I think STREETS recognises and achieves this every day with the so-called ‘at-risk’ youth and we continue to learn and do better all the time.

Can you tell me more about the fundraising event at the Park Hyatt in HCM City on May 25th? What benefit does it hold for at-risk students?

We have developed a somewhat unique approach for our events, a bit different from many of the other gala events.

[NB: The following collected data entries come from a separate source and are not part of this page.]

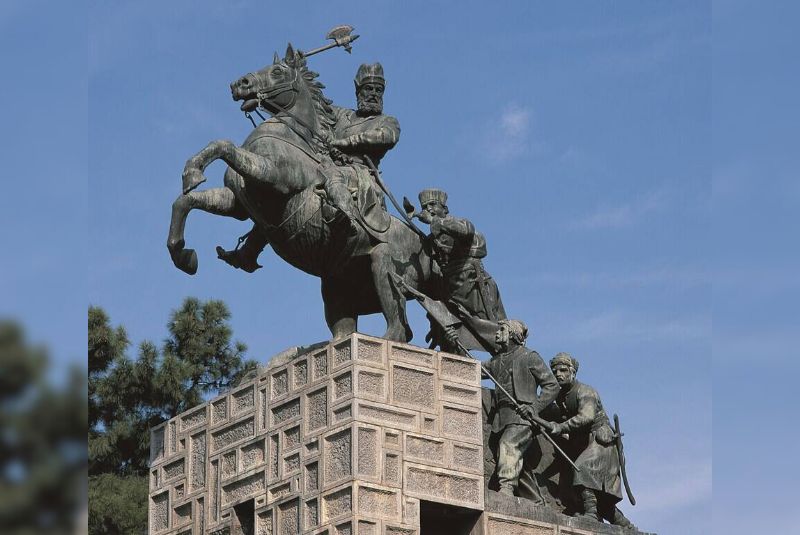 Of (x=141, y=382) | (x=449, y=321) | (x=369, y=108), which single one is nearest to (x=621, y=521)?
(x=449, y=321)

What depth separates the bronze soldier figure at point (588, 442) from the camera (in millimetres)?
13516

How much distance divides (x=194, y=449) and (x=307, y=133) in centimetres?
365

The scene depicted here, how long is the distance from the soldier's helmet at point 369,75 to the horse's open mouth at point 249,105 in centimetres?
131

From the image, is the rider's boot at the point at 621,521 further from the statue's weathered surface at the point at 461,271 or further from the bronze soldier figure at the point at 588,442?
the statue's weathered surface at the point at 461,271

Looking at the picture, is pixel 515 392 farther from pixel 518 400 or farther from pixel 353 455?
pixel 353 455

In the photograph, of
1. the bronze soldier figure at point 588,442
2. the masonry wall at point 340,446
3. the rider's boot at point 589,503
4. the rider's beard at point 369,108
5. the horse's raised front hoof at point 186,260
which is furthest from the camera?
the rider's beard at point 369,108

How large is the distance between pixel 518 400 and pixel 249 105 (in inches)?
171

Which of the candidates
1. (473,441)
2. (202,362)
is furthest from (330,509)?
(202,362)

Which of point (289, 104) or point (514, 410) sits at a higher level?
point (289, 104)

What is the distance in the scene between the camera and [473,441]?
488 inches

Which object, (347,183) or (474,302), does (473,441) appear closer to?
(474,302)

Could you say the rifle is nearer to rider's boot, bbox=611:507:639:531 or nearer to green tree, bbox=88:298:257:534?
rider's boot, bbox=611:507:639:531

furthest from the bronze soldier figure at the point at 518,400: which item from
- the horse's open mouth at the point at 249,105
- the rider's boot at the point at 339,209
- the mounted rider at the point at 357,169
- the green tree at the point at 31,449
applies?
the green tree at the point at 31,449

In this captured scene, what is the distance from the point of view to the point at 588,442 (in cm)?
1397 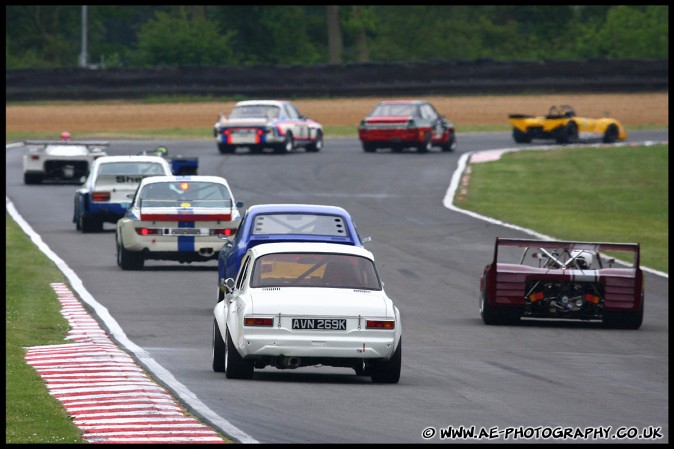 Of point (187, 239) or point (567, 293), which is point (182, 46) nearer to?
point (187, 239)

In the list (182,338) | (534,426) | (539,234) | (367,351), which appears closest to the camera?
(534,426)

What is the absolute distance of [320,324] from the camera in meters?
12.9

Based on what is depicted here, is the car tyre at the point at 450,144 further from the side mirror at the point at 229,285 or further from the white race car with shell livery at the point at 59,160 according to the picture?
the side mirror at the point at 229,285

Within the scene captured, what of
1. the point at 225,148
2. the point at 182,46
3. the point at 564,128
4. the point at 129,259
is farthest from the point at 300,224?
the point at 182,46

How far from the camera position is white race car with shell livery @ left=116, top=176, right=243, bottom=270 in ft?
74.7

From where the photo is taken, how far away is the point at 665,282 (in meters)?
24.3

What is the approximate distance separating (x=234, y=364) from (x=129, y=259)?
1063 cm

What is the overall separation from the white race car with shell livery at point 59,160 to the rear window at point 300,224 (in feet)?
73.3

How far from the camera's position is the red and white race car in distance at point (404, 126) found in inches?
1900

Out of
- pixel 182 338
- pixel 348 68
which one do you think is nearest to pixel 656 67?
pixel 348 68

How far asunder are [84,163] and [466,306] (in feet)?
71.3

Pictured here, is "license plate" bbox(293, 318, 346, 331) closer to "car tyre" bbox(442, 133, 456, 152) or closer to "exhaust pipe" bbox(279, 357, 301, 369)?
"exhaust pipe" bbox(279, 357, 301, 369)

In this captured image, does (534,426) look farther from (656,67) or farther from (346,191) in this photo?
(656,67)

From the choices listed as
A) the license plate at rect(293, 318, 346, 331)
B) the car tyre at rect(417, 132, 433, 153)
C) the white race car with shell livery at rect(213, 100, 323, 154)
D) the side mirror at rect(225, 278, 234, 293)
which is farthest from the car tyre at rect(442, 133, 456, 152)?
the license plate at rect(293, 318, 346, 331) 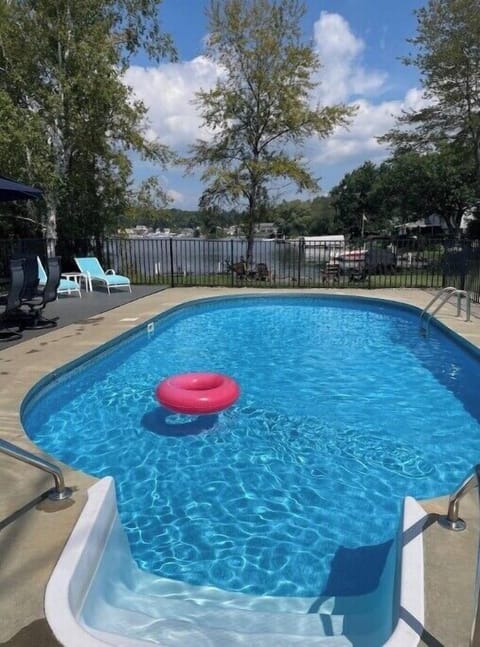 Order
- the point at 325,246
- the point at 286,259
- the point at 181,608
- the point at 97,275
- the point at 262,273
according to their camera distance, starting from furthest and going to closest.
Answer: the point at 286,259 < the point at 262,273 < the point at 325,246 < the point at 97,275 < the point at 181,608

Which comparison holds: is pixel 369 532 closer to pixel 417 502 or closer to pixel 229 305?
pixel 417 502

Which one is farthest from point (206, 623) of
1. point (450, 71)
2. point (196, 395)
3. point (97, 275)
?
point (450, 71)

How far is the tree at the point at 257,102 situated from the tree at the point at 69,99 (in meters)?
3.28

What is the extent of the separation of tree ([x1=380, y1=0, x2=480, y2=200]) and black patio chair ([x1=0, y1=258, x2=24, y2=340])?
1553 centimetres

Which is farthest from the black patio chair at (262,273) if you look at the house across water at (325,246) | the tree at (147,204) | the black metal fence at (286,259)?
the tree at (147,204)

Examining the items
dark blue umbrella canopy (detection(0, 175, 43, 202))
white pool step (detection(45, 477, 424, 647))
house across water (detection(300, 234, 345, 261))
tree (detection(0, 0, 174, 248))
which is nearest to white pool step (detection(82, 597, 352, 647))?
white pool step (detection(45, 477, 424, 647))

Our events are more lively, interactive and less formal. It is Chef- and food-centric. Guests are able to walk around and try many different dishes and beverages at chef tasting stations, while interacting with the Chefs, some of whom are quite famous. Two of our Chefs are flying in from the U.S. just to be at our event! Also, there is the opportunity to showcase our trainees’ talents as they work with these world-class Chefs. At the same time, our world-wide partnership with Hyatt Hotels gives us the opportunity to host all our sponsors and guests at one of the most beautiful and luxurious hotels in southeast Asia, the Park Hyatt Saigon. And, don’t forget the renowned but as-yet-unannounced surprise entertainment!

Can you tell me more about your upcoming plans and projects for at-risk students in Hoi An in the future?

We plan to continue what we are doing now, staying focused on what we are good at, being ambitious and always trying to achieve more. With our centralisation, we expanded from two concurrent classes to three, and added a third eatery to our enterprise side. We will continue to grow in this manner as long as we can continue to realise the results the young people in our program all achieve.

We remain focused on our outreach especially to poor young people, orphans, out-of-school, abused and trafficked youth, those from HIV environments, ethnic minority communities, and recently LGBT youth, too./.